EDITORIAL - Less than a month

The Freeman
EDITORIAL - Less than a month

Many Filipino families have something in common; they have at least one member who is a seafarer, perhaps even more. This is not surprising considering the archipelagic nature of our country as well as the propensity of Filipinos to look for work abroad.

These seafarers are the breadwinners of many Filipino families. The salaries they earn from foreign shipping companies readily trump even the best-paying local jobs available. Little wonder why maritime schools never seem to run short of student applicants every year.

Filipinos make up the bulk of the Overseas Filipino Workers who remitted $34 billion to the Philippines in 2021. The Philippines is also the world’s main supplier of sea-based workers since 1987. Some 229,000 Filipino workers are on board merchant shipping vessels around the world at any given time, comprising over a fourth of the estimated 1.5 million mariners all over the globe.

However, there is now a new development that is threatening to change all this. Around 50,000 Filipino seafarers working in European vessels are reportedly at risk of losing their jobs after the Philippines failed to pass the European Maritime Safety Agency’s (EMSA) evaluation.

Our failing the EMSA isn’t the new development. According to the EMSA, we haven’t been passing their safety standards for the past 16 years now. The new development is that the final deadline set by EMSA for our compliance is here. It’s this month.

According to Migrant Workers Secretary Susan Ople, the task to bring our maritime schools up to standard was given to five agencies, the Department of Migrant Workers, the Department of Transportation, the Department of Foreign Affairs, the Department of Labor and Employment, and the Commission on Higher Education.
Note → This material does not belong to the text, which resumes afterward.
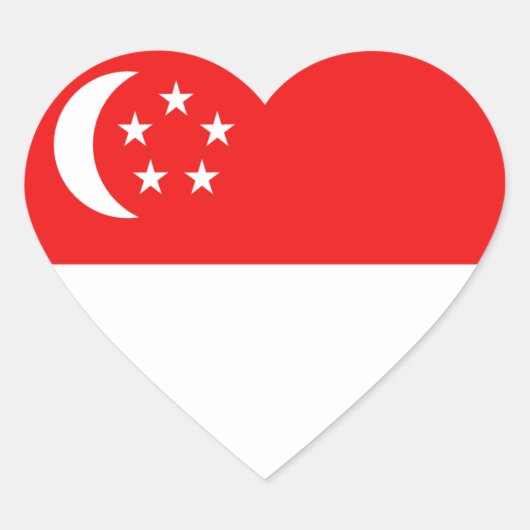 Singapore Flag Heart Sticker (Voorkant)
As to how fast they can move to rectify the situation remains to be seen, although there is no mistaking the urgency of their task.

If we do nothing about the EMSA situation, other shipping agencies around the world just might take the cue from them and start deciding our seafarers are not really up to standard.

And while the Philippines currently leads as number one supplier of seafarers in the world India, China, and Indonesia are not far behind us. They will not say no to taking the top spot.

If that happens where would that leave our hundreds of thousands of seafarers and the families that depend on them?

To say this matter should be attended to with extreme urgency would be an understatement. Again, they have less than a month to do so.